The service in this case is Ethernet WAN. They are not selling E1 or E3 service, they are competing against carriers that sell them. Customers know and care about the difference. For example troubleshooting WAN problems with a TDM link is much easier.

Underestimate customers sophistication at your own peril.

Without disruptive pricing against TDM, they have no chance to grow the business, regardless of how many employees they have.

Sure, it's less relavent what transport gear they use, or what vendors hardware, but by the same token it's also less relavent how many employees they have. What matters is if they have a service that is priced right for the market, and a cost structure that lets them make money. This article only talked about the cost structure, I'd like to hear about the pricing.

- P
lowbandwit 12/4/2012 | 9:56:50 PM
re: Free Spacey CLEC? 1. Fog is the big issue with FSO, rain to a much lesser degree, but it can be handled by shortening the link distance. Obviously this increases equipment cost, but who knows exactly how their network is being designed? They may use longer links and have lower SLAs.

2. Terabeam is both a manufacturer and a service provider. They have the production overhead to deal with where Red Spectrum doesn't. If they only purchase equipment when it's going to be used... well, that's a definite leg up on Terabeam's model, isn't it?

3. There's no technical reason they couldn't offer TDM services if they really wanted to. FSO gear is just layer 1- throw a mux in front of it and do what you want. I reject the assumption that TDM is easier to troubleshoot. I've had plenty of experience with inept FEs spending days on a simple line coding issue. The problem is service experience and commitment, not technology. If they fail to support their product well, they'll be gone regardless of the actual equipment. If they have competent support they will grow.

I'm way too chicken to do it myself, but I think FSO could really work in this space. Good luck to Red Spectrum!
BeSmartOne 12/4/2012 | 9:56:37 PM
re: Free Spacey CLEC? Red Spectrum will confront the same challenge as its predecessors. Soon their customers will start complaining in bad weather. Then, the struggle will begin to quickly resolve the crisis by adding an unlicensed radio backup.

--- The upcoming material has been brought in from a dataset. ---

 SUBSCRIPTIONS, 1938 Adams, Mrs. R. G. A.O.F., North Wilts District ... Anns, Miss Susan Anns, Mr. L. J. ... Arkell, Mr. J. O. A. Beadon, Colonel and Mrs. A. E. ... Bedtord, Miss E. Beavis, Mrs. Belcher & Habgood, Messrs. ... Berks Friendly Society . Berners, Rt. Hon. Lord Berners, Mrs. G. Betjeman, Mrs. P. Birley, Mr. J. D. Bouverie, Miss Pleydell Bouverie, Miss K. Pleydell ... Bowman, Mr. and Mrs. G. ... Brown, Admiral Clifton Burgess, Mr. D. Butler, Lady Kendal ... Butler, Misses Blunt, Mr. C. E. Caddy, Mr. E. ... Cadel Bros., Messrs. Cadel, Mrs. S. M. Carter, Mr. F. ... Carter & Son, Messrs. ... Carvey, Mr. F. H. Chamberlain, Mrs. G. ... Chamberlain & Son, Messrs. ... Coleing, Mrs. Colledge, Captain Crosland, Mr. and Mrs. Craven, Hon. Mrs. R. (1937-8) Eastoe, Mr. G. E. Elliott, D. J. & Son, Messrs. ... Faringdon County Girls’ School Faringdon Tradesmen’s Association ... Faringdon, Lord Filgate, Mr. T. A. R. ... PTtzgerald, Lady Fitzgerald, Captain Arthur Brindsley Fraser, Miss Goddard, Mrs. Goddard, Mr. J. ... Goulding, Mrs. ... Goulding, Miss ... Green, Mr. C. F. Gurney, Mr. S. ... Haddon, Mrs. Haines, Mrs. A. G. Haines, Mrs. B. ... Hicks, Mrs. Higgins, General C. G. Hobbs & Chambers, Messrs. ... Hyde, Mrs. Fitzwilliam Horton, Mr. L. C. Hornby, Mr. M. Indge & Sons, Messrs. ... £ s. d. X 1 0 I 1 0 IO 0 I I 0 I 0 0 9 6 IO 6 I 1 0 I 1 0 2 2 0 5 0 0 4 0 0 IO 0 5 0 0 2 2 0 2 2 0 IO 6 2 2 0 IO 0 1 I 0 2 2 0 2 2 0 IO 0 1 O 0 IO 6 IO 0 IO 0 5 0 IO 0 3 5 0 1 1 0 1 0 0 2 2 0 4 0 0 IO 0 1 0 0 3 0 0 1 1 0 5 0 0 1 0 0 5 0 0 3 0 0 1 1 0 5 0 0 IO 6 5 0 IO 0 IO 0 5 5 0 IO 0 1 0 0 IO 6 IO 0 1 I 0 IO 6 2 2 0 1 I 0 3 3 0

After going through the network installation and configuration, they will realize that no one is screaming for bandwidth.

There once were at least two small US providers with exactly similar business models. As expected, their fate was to close their doors. Somehow a flavor of service monopoly is on the horizon, and currently no one will take the risk and commit to a 9-employees provider.

It is sad to see investors still hyping this field. I guess they are that desperate to recover some of their money. As for companies they have no choice but to say anything to please their investors.